Chinesen zum Beispiel hatten im Jahr 2018 einen Übernachtungsanteil von 9,8 Prozent in der Region Luzern/Vierwaldstättersee. Ihr Anteil an den verkauften Taschenmessern in diesem Unternehmen jedoch ist mehr als fünfmal so hoch: rund 55 Prozent. Auch US-Amerikaner kaufen mehr Schweizer Taschenmesser, als sie Übernachtungen verzeichnen. Bei den Indern stimmen die Relationen, hingegen wird die Diskrepanz bei den Deutschen enorm. Würde man diesen Vergleich mit Uhren oder dem Umsatz der am Schwanenplatz ansässigen Geschäfte als Ganzes machen, wären die Unterschiede noch viel grösser.

Daraus lässt sich verschiedenes schlussfolgern:

  • 
dass nicht nur Logiernächte etwas über Touristen aussagen.
  • dass das Verhältnis zwischen Wertschöpfung und Logiernächten alleine je Herkunftsland dann extrem variiert, wenn man das Einkaufsvolumen ebenfalls genauer betrachtet.
  • dass es für die Auseinandersetzung mit der Frage «Welchen Tourismus möchten wir?» wichtig ist, die Wertschöpfung nicht nur aufgrund der Logiernächte zu analysieren.
  • dass hier Daten schlummern, die der Wissenschaft und letztlich allen, die (politische) Beschlüsse treffen müssen, für richtiges Entscheiden dienen würden.
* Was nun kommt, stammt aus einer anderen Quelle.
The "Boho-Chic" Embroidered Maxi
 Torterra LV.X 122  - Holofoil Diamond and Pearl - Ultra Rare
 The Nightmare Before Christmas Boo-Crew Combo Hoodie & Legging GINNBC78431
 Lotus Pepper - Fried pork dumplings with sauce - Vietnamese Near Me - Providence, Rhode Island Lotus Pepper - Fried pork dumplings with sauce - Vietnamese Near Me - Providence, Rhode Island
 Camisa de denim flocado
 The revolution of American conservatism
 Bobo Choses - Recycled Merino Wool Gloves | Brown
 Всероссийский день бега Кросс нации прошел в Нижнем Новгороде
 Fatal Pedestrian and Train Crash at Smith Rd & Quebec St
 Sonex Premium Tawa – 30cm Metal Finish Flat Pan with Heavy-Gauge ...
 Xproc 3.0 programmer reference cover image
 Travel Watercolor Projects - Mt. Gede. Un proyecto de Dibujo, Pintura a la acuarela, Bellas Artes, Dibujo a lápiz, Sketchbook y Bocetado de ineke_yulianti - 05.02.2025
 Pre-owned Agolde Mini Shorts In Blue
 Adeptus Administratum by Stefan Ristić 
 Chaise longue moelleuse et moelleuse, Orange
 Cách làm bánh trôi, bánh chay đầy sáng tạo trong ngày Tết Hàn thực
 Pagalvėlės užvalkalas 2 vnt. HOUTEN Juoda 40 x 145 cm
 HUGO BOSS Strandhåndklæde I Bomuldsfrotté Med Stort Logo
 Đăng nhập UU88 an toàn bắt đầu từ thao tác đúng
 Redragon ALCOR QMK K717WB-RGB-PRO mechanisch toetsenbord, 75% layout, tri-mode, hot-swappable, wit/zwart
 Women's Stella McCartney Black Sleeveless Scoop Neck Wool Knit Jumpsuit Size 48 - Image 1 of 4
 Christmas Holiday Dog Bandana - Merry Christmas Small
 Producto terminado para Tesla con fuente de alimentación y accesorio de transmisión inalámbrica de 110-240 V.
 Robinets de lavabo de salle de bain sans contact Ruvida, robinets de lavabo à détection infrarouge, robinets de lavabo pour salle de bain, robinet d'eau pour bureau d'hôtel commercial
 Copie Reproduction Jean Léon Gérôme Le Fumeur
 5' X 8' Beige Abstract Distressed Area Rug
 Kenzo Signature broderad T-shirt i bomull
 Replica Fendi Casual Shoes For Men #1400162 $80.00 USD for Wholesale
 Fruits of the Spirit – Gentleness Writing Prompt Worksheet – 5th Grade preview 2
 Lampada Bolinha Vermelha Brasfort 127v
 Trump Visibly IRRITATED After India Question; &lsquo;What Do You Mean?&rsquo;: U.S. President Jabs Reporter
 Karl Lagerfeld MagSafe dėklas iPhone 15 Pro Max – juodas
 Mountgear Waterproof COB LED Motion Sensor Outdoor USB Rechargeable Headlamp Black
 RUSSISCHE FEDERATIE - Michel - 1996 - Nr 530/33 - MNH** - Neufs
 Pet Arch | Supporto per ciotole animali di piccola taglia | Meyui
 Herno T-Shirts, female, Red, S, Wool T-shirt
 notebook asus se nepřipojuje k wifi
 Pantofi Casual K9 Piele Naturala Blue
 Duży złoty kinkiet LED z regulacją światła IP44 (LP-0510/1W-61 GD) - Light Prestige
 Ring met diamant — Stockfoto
Wer mehr über Kunden weiss, kann besser planen (Infrastruktur, Personal, Sicherheit, Mobilität usw.). 

Frage 3 übrigens hatten wir nur so zum Spass gestellt. Einfach, um zu sehen, ob nationale Unterschiede im Kaufverhalten existieren. Tun sie. Die Warenkörbe sind faszinierend verschieden. Und Kuckucksuhren werden tatsächlich gekauft. Von US-Amerikanern. Wir hatten das immer bezweifelt.